There before me is a girl with the bluest eyes I have ever seen.  They are quite startling even as she is squinting into the sun, her eyes half closed, her face sculpted by that intense El Paso winter light.  Perhaps what makes her eyes so intense is that she isn't all that blond.  Blue water is significant off a beach but blatant in an isolated desert spring.  We expect blue eyes on blonds.  Imagine that famous National Geographic picture of the Afghan girl with the green eyes.  Keep everything the same, but turn her eyes blue.  That was my first real reckoning with Michi.  Those eyes made it clear she was a force.  Had it not been for her eyes, on the outside, she would blend into the world very well.  With them, she stood out.  

Later, I would find out her writing was as startlingly beautiful as her eyes.  Her eyes caught my attention; her writing held me.  I would become mesmerized, which is actually too bad, because it made it hard for us to stay friends.

I don't remember what she said that day.  I think she said she liked my poem.  It was about drinking rum and Coke from a clear glass with a big, white Snoopy head pictured on it.  The poem wasn't very good, and I only remember it because it was the first poem I wrote for the first of many writing workshop classes at UTEP.  I'm not sure why I had rum and Coke in that glass to write about in the first place.  I did drink occasionally back then, but not at home.  Still, there it was, a poem about a clear glass with a white Snoopy head pictured on it filled with what would later blur far too many of my nights.

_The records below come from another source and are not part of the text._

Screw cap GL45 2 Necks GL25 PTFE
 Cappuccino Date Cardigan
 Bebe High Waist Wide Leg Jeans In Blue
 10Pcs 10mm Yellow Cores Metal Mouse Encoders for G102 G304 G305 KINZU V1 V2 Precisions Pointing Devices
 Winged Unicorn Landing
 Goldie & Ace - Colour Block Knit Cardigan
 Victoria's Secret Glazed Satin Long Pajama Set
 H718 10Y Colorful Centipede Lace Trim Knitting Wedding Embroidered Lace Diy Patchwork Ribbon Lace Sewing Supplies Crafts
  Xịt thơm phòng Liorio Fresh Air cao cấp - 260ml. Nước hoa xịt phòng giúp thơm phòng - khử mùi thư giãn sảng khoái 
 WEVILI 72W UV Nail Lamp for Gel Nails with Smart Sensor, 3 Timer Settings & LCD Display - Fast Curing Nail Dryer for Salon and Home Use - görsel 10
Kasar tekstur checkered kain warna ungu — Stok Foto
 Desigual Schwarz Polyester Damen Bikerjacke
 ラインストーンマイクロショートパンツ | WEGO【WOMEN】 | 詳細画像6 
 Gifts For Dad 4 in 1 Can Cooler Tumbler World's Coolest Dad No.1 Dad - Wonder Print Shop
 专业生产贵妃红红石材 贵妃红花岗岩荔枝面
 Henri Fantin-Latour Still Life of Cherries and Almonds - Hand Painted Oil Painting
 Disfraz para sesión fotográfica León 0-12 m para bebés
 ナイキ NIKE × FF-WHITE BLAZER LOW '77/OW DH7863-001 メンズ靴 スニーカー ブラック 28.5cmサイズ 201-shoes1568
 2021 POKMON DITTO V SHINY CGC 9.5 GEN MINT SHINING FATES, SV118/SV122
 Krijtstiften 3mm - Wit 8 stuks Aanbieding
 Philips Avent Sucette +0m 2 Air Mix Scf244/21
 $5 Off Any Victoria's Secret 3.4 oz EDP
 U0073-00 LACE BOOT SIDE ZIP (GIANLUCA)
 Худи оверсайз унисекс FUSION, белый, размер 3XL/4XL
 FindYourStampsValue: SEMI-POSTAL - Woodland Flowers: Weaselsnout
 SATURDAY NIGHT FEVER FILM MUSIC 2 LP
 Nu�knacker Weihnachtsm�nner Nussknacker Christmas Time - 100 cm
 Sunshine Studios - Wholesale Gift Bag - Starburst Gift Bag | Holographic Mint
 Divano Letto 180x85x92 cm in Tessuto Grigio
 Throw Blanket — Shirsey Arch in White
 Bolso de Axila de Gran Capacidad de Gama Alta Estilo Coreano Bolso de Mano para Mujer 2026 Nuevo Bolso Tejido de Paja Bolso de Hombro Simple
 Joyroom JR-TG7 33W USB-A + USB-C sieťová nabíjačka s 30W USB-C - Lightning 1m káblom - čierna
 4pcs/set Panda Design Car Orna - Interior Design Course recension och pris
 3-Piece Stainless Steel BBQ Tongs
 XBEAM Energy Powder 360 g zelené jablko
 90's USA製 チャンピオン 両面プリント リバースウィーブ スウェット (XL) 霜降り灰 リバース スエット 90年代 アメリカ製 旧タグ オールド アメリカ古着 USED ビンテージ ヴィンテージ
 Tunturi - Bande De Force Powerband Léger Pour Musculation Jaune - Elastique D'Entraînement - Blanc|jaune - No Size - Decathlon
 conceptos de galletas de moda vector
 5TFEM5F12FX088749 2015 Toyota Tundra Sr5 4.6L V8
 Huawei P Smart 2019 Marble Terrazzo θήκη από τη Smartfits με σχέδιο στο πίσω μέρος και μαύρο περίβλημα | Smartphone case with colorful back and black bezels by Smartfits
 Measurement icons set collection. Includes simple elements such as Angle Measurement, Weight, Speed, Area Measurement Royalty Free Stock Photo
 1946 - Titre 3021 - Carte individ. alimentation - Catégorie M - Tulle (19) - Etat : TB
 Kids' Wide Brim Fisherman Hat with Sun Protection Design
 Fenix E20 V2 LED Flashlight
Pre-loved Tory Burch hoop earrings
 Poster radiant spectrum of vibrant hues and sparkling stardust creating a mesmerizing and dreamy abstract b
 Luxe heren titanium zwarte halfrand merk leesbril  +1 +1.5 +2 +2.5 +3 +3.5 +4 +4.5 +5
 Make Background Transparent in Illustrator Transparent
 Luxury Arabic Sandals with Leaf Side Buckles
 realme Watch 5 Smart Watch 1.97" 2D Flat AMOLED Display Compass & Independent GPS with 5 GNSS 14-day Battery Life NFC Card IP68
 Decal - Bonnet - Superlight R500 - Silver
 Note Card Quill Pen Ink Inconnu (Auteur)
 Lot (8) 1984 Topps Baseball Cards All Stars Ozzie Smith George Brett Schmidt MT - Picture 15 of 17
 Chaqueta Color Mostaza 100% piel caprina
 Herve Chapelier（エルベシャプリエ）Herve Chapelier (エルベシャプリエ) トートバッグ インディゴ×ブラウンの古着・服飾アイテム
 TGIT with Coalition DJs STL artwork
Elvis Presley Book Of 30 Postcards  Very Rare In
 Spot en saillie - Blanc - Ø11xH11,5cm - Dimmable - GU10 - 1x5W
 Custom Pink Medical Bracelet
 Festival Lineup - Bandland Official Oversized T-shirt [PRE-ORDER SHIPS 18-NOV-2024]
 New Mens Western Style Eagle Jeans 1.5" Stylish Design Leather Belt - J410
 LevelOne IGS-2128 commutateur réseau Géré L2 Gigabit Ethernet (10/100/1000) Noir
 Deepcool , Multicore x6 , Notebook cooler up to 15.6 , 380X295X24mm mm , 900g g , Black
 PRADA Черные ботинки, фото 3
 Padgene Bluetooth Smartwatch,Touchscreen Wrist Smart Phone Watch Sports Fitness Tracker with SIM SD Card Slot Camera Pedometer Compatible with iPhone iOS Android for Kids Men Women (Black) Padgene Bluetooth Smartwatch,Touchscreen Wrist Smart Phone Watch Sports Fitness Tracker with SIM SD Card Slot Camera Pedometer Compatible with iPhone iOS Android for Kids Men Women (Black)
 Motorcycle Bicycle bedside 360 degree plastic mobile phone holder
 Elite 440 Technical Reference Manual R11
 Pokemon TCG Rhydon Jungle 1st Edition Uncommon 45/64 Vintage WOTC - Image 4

I don't remember what I said in return.  I'm sure it was quick and that I just wanted to get out of there.  Girls didn't approach me.  Girls didn't try to talk to me.  I think they sometimes noticed me, but my shyness was a wall which they respected.  She either didn't pick up on the wall or didn't care.  Instead, she just hopped on over it.

I cared enough that she did to notice she walked to a little red pick-up when we parted ways.  On the tailgate it said "Toy" instead of "Toyota".  Later, after a couple of classes together, a couple of poems written off each other's work, and a short but significant friendship, I looked for that truck everywhere, desperately hoping to look into those eyes one last time.   When that chance never came, and most of my other connections to El Paso seemed to have ended, I moved back to my hometown in Utah and eventually found Marci and the life I ultimately wanted.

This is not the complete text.